Ya en el centro de todas las especulaciones, que hablaban de un posible encuentro con el ex mandatario para organizar los ataques de este domingo, habló con el diario brasileño Folha do Sao Paulo: "No vine a Estados Unidos a encontrarme con Bolsonaro. No me encontré con él en ningún momento. Estoy de vacaciones con mi familia. No hubo ninguna trama para que eso (por el ataque en Brasilia) ocurriese".

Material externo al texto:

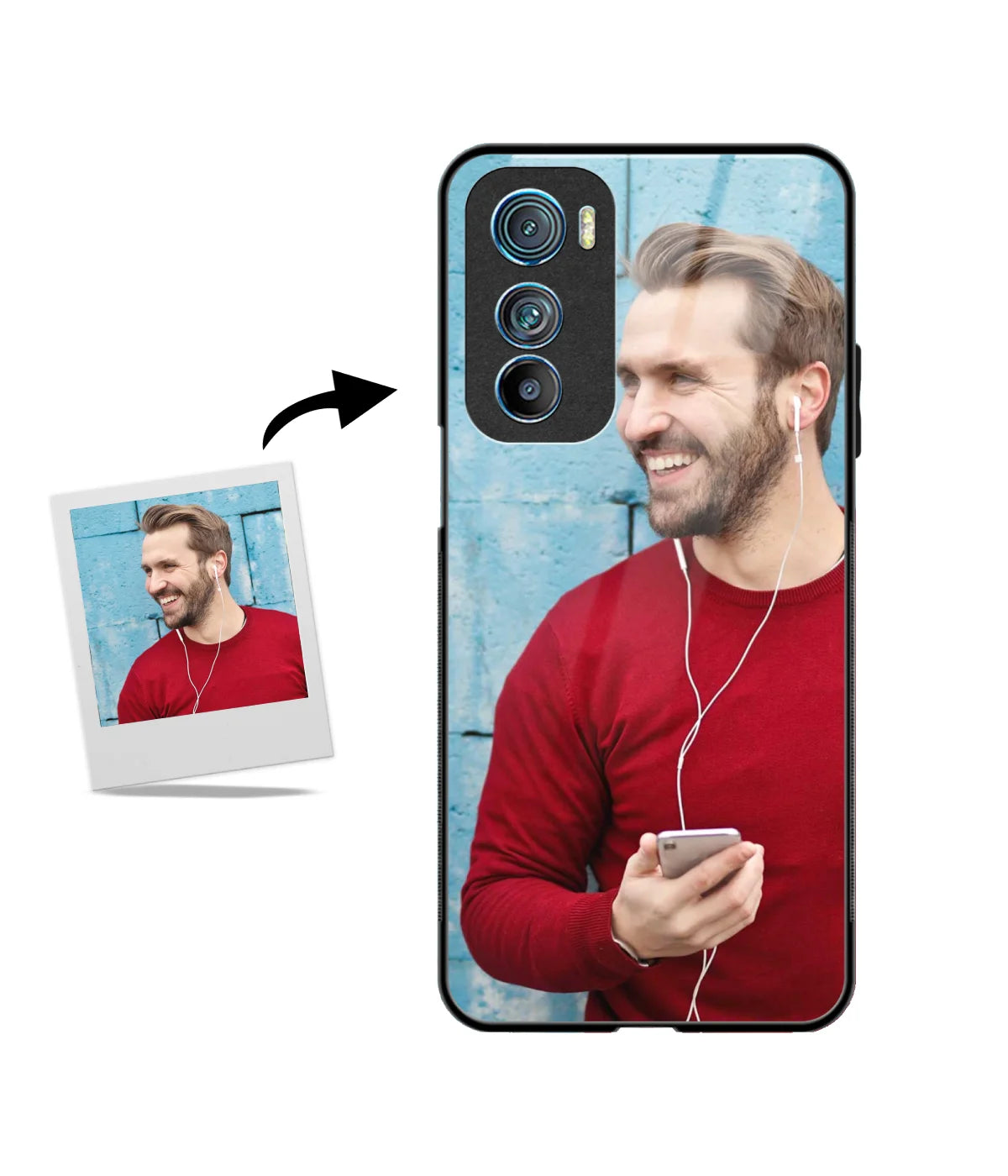 Custom Motorola Edge 30 Glossy Metal Case showing a personalized photo print.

Pero las coincidencias no pasaron desapercibidas, aún si el Gobierno de Estados Unidos se apuró a repudiar el ataque contra los tres poderes del Estado en Brasilia. Desde la frontera sur con México, el presidente Joe Biden calificó de "indignante" la agresión y se sumó a su asesor de seguridad, Jake Sullivan, que había condenado "cualquier intento por socavar la democracia”, y a su secretario de Estado, Antony Blinken, que sostuvo que "usar la violencia para atacar las instituciones democráticas es siempre inaceptable". "Nos unimos a Lula para instar al cese inmediato de estas acciones", tuiteó el funcionario.
Pero el coro de repudios oficiales no logró tapar un pedido que anuncia un posible punto de tensión bilateral. "Hace casi dos años el Capitolio estadounidense fue atacado por fascistas. Hay movimientos fascistas en el extranjero que intentan hacer lo mismo en Brasil. Debemos apoyar solidariamente al gobierno elegido democráticamente de Lula. Estados Unidos debe dejar de dar refugio a Bolsonaro en Florida", tuiteó la congresista Alexandria Ocasio-Cortez, referente del ala más progresista del Partido Demócrata de Biden.